It hit me today as I pondered the maliciousness of the Trump campaign, that we have seen the same angry breaking of ethical norms and unprofessional nastiness carry the day before.
Think back to the 1990s and Geoffrey Fieger’s legal representation of Jack Kevorkian.
Fieger engaged in vituperous name calling against those who opposed Kevorkian, much as Trump does today against his political opponents.
Fieger continually twisted facts and reinvented history. So does Trump.
Fieger unleashed the kind of snarling intimidation that Trump deploys.
Indeed, Fieger once went so out of control–essentially accusing the prosecutor to the jury of engaging in criminal harassment–that the judge called a mistrial based on defense behavior. Overturning tables paid. Kevorkian was never retried.
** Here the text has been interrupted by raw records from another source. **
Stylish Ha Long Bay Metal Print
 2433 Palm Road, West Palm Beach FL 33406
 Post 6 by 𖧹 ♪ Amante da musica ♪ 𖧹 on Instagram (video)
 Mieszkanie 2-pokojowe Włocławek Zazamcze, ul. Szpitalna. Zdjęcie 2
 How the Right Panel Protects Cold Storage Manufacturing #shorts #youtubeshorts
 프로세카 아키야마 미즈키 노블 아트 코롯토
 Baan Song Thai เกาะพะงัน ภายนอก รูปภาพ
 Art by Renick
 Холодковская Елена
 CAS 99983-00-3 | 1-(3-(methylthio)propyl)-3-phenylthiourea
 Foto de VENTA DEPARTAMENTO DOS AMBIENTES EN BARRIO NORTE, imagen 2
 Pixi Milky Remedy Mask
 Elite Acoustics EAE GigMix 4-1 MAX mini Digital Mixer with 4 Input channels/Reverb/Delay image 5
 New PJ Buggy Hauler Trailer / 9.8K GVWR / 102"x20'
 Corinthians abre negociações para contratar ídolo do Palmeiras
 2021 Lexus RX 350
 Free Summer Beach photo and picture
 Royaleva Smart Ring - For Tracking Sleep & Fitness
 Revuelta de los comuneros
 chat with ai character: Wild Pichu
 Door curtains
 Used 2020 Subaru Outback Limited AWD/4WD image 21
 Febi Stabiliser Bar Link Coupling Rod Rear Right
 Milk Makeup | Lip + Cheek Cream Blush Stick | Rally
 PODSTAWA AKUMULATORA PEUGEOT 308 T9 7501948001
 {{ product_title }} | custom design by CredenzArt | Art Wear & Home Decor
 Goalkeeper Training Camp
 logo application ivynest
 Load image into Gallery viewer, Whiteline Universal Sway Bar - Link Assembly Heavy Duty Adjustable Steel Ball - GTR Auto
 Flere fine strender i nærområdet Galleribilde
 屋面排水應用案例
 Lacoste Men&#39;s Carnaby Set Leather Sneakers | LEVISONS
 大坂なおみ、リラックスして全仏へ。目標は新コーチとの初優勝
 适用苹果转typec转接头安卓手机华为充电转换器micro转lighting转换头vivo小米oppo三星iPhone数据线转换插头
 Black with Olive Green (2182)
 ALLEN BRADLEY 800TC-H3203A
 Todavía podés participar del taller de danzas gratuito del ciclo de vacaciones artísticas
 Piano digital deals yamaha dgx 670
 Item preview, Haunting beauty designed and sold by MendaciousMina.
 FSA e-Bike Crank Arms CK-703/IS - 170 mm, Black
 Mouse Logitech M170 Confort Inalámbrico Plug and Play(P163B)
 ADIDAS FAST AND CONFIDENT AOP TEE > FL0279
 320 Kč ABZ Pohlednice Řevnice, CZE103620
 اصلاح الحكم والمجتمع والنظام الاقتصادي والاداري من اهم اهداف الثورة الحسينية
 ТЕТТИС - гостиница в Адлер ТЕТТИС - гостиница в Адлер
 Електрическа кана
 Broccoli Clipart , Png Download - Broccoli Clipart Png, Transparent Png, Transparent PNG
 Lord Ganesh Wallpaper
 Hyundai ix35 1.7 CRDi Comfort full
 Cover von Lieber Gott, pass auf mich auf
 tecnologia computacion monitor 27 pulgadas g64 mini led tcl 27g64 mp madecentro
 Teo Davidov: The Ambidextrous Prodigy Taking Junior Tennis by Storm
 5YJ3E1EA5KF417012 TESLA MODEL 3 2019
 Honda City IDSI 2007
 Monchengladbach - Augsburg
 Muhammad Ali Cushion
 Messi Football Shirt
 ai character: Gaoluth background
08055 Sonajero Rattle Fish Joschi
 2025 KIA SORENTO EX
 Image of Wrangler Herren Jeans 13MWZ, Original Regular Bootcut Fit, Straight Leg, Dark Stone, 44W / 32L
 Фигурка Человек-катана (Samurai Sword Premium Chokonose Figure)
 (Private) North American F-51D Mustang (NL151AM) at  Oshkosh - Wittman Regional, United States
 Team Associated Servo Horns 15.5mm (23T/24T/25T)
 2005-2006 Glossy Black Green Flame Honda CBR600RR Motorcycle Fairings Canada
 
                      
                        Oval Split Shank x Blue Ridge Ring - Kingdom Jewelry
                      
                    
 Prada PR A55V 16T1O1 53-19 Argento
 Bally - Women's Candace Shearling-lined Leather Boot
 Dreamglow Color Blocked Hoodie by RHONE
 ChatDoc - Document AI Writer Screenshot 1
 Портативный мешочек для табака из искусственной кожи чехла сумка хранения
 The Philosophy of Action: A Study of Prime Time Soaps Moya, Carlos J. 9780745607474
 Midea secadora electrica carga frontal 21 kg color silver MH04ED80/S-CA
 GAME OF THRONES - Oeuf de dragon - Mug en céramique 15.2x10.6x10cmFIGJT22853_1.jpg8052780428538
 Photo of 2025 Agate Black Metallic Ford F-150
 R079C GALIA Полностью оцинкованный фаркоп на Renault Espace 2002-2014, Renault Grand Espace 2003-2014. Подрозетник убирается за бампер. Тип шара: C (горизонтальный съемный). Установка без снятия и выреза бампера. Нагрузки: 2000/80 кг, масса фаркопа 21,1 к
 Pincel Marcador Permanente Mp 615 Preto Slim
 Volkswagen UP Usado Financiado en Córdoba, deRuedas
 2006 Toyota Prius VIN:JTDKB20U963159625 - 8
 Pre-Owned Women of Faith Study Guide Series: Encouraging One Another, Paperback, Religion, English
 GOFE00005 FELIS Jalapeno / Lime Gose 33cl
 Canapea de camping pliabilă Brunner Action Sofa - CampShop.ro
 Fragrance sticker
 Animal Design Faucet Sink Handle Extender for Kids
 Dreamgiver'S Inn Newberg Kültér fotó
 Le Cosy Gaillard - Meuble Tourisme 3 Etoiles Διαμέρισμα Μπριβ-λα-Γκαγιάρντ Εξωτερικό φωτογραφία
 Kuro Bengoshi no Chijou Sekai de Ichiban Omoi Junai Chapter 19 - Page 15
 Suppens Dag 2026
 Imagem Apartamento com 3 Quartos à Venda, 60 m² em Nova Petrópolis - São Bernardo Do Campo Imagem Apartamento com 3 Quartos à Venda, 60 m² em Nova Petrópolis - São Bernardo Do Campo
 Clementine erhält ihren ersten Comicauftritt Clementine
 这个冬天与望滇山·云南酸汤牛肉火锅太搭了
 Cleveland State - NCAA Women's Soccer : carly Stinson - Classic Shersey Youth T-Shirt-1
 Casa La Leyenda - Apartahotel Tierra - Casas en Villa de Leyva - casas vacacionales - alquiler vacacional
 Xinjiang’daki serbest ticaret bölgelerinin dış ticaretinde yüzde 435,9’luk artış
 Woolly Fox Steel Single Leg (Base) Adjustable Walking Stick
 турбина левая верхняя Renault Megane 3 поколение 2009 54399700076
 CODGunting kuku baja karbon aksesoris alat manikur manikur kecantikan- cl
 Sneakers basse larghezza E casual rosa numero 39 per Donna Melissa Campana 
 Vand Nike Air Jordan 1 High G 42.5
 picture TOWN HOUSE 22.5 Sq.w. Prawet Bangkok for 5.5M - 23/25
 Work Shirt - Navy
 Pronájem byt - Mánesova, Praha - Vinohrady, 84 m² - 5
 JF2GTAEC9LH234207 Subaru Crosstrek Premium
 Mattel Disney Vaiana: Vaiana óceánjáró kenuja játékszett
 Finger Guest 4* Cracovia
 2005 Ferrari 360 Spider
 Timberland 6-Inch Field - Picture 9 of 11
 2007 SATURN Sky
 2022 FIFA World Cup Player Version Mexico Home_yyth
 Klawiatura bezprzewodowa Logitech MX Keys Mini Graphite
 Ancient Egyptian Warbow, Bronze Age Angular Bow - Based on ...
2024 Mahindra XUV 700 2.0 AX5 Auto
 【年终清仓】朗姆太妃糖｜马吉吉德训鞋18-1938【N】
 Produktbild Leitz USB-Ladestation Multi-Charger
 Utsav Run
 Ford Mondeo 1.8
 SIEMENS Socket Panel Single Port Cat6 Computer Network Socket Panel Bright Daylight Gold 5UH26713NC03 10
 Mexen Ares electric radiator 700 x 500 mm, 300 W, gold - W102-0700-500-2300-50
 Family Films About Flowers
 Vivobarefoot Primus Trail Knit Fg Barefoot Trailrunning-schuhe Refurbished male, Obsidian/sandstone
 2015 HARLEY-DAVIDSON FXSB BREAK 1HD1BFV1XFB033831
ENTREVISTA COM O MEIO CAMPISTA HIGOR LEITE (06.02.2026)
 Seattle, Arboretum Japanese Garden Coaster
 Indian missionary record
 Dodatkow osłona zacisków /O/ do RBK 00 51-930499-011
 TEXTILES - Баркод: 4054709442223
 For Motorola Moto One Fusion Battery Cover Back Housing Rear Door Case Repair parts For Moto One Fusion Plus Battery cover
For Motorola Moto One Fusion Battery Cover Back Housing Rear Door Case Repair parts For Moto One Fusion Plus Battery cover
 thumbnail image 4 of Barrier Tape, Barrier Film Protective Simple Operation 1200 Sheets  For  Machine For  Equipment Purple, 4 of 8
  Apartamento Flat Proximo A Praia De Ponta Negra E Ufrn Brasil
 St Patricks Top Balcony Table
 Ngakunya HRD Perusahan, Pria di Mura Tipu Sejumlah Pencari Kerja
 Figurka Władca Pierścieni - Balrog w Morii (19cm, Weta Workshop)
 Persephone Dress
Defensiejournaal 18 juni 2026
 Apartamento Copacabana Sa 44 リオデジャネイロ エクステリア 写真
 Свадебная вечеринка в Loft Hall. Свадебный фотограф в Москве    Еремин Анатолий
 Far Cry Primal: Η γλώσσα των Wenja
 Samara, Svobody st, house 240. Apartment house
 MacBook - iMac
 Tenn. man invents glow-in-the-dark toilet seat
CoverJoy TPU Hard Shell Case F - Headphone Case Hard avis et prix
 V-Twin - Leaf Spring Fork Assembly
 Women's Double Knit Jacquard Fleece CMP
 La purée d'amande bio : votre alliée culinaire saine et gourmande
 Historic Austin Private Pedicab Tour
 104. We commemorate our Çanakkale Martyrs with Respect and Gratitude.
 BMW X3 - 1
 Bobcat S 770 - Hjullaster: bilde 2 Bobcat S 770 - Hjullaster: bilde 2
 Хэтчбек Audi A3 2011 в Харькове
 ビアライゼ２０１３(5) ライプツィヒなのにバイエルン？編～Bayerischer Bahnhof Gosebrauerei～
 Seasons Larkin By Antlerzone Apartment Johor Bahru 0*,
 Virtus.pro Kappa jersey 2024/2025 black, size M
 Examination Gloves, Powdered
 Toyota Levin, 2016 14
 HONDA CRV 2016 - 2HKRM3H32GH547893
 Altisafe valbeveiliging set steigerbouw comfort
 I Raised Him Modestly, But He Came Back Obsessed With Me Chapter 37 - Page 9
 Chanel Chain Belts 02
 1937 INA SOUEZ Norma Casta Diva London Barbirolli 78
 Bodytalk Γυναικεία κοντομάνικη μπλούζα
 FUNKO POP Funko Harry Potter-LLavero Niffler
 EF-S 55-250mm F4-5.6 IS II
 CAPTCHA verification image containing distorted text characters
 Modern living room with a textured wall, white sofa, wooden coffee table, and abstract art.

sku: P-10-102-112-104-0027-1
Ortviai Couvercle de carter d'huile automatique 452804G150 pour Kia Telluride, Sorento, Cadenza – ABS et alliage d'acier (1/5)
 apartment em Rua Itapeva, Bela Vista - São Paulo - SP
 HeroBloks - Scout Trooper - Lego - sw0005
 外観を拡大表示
Fieger weakened the law as an institution, not just because of his unprofessionalism, not just because the tactics worked–Fieger never lost a Kevorkian case–but because he exposed the institution as impotent and incapable of defending its own norms and rules.
Trump is demonstrating that our political institutions are similarly impotent.
But those successes did not translate into more general popularity. When Fieger ran for governor of Michigan, he was trounced.
Trump is Geoffrey Fieger on a grander and more important stage. He is heedlessly wrecking the system to get what he wants.
It could well get him the nomination. But it won’t make him president.